*What needs to be done*:
Below is the data. Give it again, complete and exact.

*Provided data*:

★ ★ ★ ★ ★

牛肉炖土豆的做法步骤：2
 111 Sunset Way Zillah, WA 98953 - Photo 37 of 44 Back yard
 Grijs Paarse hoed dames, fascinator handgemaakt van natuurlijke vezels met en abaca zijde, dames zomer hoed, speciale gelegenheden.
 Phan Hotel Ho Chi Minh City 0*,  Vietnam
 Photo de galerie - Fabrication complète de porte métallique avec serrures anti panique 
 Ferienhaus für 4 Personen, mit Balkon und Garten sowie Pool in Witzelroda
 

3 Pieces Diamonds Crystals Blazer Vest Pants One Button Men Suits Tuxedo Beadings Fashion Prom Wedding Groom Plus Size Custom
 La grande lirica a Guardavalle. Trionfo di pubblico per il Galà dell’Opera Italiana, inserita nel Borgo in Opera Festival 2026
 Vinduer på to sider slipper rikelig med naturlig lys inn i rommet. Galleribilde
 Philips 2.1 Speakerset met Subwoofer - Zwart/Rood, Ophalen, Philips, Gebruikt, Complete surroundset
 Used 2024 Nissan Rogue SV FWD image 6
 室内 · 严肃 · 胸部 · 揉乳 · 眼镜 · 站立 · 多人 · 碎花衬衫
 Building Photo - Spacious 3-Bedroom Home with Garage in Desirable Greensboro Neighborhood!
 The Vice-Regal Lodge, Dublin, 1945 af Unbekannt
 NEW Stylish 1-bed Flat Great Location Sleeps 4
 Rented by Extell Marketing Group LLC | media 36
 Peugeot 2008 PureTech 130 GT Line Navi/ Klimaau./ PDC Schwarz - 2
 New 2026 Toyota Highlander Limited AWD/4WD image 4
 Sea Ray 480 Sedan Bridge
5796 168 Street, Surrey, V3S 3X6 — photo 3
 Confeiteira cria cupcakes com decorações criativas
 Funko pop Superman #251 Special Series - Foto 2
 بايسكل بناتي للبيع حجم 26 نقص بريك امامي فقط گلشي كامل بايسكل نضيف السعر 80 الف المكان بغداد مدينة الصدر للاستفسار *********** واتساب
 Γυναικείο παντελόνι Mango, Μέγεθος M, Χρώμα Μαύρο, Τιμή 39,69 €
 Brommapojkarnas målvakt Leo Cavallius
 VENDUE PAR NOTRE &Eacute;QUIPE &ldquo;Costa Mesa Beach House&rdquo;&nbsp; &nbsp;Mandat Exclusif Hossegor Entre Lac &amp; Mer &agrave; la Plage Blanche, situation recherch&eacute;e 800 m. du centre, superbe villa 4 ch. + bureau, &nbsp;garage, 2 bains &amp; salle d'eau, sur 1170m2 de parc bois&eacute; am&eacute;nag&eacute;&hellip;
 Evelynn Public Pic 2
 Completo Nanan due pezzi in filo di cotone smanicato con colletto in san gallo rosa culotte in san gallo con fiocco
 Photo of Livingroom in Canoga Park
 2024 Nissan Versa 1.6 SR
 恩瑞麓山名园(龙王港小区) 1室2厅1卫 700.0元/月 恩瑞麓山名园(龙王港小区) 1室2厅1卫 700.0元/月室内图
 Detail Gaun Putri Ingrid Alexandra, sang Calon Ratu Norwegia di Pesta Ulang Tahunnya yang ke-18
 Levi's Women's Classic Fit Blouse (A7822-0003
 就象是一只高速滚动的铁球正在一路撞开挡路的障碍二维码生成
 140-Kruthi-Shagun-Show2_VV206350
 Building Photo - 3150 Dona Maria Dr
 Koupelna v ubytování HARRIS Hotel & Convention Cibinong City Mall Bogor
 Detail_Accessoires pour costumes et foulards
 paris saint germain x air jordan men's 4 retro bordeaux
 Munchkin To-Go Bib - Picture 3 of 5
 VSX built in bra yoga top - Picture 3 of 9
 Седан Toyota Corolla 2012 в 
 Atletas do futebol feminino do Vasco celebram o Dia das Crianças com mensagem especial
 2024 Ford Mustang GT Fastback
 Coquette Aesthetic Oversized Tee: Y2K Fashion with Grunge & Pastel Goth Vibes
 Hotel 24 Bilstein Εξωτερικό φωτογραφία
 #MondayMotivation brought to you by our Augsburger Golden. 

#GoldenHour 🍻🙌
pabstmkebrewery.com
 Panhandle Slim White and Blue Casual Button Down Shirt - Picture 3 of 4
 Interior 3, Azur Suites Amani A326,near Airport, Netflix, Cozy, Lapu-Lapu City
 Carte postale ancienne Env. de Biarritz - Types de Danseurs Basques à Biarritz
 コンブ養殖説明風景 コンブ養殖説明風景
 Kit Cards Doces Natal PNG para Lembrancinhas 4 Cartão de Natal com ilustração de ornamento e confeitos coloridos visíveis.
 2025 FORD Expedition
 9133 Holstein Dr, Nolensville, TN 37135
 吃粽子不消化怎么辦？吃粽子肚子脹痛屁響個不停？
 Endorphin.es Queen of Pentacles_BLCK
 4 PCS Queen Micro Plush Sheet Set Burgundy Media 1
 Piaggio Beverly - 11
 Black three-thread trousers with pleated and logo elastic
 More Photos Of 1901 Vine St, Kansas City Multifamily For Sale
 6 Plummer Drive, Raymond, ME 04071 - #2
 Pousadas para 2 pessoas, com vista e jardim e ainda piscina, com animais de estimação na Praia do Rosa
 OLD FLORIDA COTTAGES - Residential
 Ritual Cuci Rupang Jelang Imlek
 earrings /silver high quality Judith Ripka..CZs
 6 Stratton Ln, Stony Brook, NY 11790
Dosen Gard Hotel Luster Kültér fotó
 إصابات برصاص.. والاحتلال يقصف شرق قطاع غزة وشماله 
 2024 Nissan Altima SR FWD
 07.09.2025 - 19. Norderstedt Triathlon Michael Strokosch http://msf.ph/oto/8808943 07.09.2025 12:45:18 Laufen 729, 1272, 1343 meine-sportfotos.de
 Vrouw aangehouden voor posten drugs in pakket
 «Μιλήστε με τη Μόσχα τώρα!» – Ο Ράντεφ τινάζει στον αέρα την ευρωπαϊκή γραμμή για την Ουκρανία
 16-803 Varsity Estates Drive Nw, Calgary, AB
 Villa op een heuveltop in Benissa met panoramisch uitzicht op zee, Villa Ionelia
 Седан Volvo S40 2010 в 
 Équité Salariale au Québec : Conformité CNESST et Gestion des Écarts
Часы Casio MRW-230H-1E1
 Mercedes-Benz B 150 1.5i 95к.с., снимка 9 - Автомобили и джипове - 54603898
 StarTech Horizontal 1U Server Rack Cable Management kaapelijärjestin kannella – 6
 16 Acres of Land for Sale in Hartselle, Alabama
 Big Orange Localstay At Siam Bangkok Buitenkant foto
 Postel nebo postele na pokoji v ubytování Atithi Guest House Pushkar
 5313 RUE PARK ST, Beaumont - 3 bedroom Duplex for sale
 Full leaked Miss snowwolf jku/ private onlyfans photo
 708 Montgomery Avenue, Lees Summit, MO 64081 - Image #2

★ ★ ★ ★ ★

*Task solution*:
牛肉炖土豆的做法步骤：2
 111 Sunset Way Zillah, WA 98953 - Photo 37 of 44 Back yard
 Grijs Paarse hoed dames, fascinator handgemaakt van natuurlijke vezels met en abaca zijde, dames zomer hoed, speciale gelegenheden.
 Phan Hotel Ho Chi Minh City 0*,  Vietnam
 Photo de galerie - Fabrication complète de porte métallique avec serrures anti panique 
 Ferienhaus für 4 Personen, mit Balkon und Garten sowie Pool in Witzelroda
 

3 Pieces Diamonds Crystals Blazer Vest Pants One Button Men Suits Tuxedo Beadings Fashion Prom Wedding Groom Plus Size Custom
 La grande lirica a Guardavalle. Trionfo di pubblico per il Galà dell’Opera Italiana, inserita nel Borgo in Opera Festival 2026
 Vinduer på to sider slipper rikelig med naturlig lys inn i rommet. Galleribilde
 Philips 2.1 Speakerset met Subwoofer - Zwart/Rood, Ophalen, Philips, Gebruikt, Complete surroundset
 Used 2024 Nissan Rogue SV FWD image 6
 室内 · 严肃 · 胸部 · 揉乳 · 眼镜 · 站立 · 多人 · 碎花衬衫
 Building Photo - Spacious 3-Bedroom Home with Garage in Desirable Greensboro Neighborhood!
 The Vice-Regal Lodge, Dublin, 1945 af Unbekannt
 NEW Stylish 1-bed Flat Great Location Sleeps 4
 Rented by Extell Marketing Group LLC | media 36
 Peugeot 2008 PureTech 130 GT Line Navi/ Klimaau./ PDC Schwarz - 2
 New 2026 Toyota Highlander Limited AWD/4WD image 4
 Sea Ray 480 Sedan Bridge
5796 168 Street, Surrey, V3S 3X6 — photo 3
 Confeiteira cria cupcakes com decorações criativas
 Funko pop Superman #251 Special Series - Foto 2
 بايسكل بناتي للبيع حجم 26 نقص بريك امامي فقط گلشي كامل بايسكل نضيف السعر 80 الف المكان بغداد مدينة الصدر للاستفسار *********** واتساب
 Γυναικείο παντελόνι Mango, Μέγεθος M, Χρώμα Μαύρο, Τιμή 39,69 €
 Brommapojkarnas målvakt Leo Cavallius
 VENDUE PAR NOTRE &Eacute;QUIPE &ldquo;Costa Mesa Beach House&rdquo;&nbsp; &nbsp;Mandat Exclusif Hossegor Entre Lac &amp; Mer &agrave; la Plage Blanche, situation recherch&eacute;e 800 m. du centre, superbe villa 4 ch. + bureau, &nbsp;garage, 2 bains &amp; salle d'eau, sur 1170m2 de parc bois&eacute; am&eacute;nag&eacute;&hellip;
 Evelynn Public Pic 2
 Completo Nanan due pezzi in filo di cotone smanicato con colletto in san gallo rosa culotte in san gallo con fiocco
 Photo of Livingroom in Canoga Park
 2024 Nissan Versa 1.6 SR
 恩瑞麓山名园(龙王港小区) 1室2厅1卫 700.0元/月 恩瑞麓山名园(龙王港小区) 1室2厅1卫 700.0元/月室内图
 Detail Gaun Putri Ingrid Alexandra, sang Calon Ratu Norwegia di Pesta Ulang Tahunnya yang ke-18
 Levi's Women's Classic Fit Blouse (A7822-0003
 就象是一只高速滚动的铁球正在一路撞开挡路的障碍二维码生成
 140-Kruthi-Shagun-Show2_VV206350
 Building Photo - 3150 Dona Maria Dr
 Koupelna v ubytování HARRIS Hotel & Convention Cibinong City Mall Bogor
 Detail_Accessoires pour costumes et foulards
 paris saint germain x air jordan men's 4 retro bordeaux
 Munchkin To-Go Bib - Picture 3 of 5
 VSX built in bra yoga top - Picture 3 of 9
 Седан Toyota Corolla 2012 в 
 Atletas do futebol feminino do Vasco celebram o Dia das Crianças com mensagem especial
 2024 Ford Mustang GT Fastback
 Coquette Aesthetic Oversized Tee: Y2K Fashion with Grunge & Pastel Goth Vibes
 Hotel 24 Bilstein Εξωτερικό φωτογραφία
 #MondayMotivation brought to you by our Augsburger Golden. 

#GoldenHour 🍻🙌
pabstmkebrewery.com
 Panhandle Slim White and Blue Casual Button Down Shirt - Picture 3 of 4
 Interior 3, Azur Suites Amani A326,near Airport, Netflix, Cozy, Lapu-Lapu City
 Carte postale ancienne Env. de Biarritz - Types de Danseurs Basques à Biarritz
 コンブ養殖説明風景 コンブ養殖説明風景
 Kit Cards Doces Natal PNG para Lembrancinhas 4 Cartão de Natal com ilustração de ornamento e confeitos coloridos visíveis.
 2025 FORD Expedition
 9133 Holstein Dr, Nolensville, TN 37135
 吃粽子不消化怎么辦？吃粽子肚子脹痛屁響個不停？
 Endorphin.es Queen of Pentacles_BLCK
 4 PCS Queen Micro Plush Sheet Set Burgundy Media 1
 Piaggio Beverly - 11
 Black three-thread trousers with pleated and logo elastic
 More Photos Of 1901 Vine St, Kansas City Multifamily For Sale
 6 Plummer Drive, Raymond, ME 04071 - #2
 Pousadas para 2 pessoas, com vista e jardim e ainda piscina, com animais de estimação na Praia do Rosa
 OLD FLORIDA COTTAGES - Residential
 Ritual Cuci Rupang Jelang Imlek
 earrings /silver high quality Judith Ripka..CZs
 6 Stratton Ln, Stony Brook, NY 11790
Dosen Gard Hotel Luster Kültér fotó
 إصابات برصاص.. والاحتلال يقصف شرق قطاع غزة وشماله 
 2024 Nissan Altima SR FWD
 07.09.2025 - 19. Norderstedt Triathlon Michael Strokosch http://msf.ph/oto/8808943 07.09.2025 12:45:18 Laufen 729, 1272, 1343 meine-sportfotos.de
 Vrouw aangehouden voor posten drugs in pakket
 «Μιλήστε με τη Μόσχα τώρα!» – Ο Ράντεφ τινάζει στον αέρα την ευρωπαϊκή γραμμή για την Ουκρανία
 16-803 Varsity Estates Drive Nw, Calgary, AB
 Villa op een heuveltop in Benissa met panoramisch uitzicht op zee, Villa Ionelia
 Седан Volvo S40 2010 в 
 Équité Salariale au Québec : Conformité CNESST et Gestion des Écarts
Часы Casio MRW-230H-1E1
 Mercedes-Benz B 150 1.5i 95к.с., снимка 9 - Автомобили и джипове - 54603898
 StarTech Horizontal 1U Server Rack Cable Management kaapelijärjestin kannella – 6
 16 Acres of Land for Sale in Hartselle, Alabama
 Big Orange Localstay At Siam Bangkok Buitenkant foto
 Postel nebo postele na pokoji v ubytování Atithi Guest House Pushkar
 5313 RUE PARK ST, Beaumont - 3 bedroom Duplex for sale
 Full leaked Miss snowwolf jku/ private onlyfans photo
 708 Montgomery Avenue, Lees Summit, MO 64081 - Image #2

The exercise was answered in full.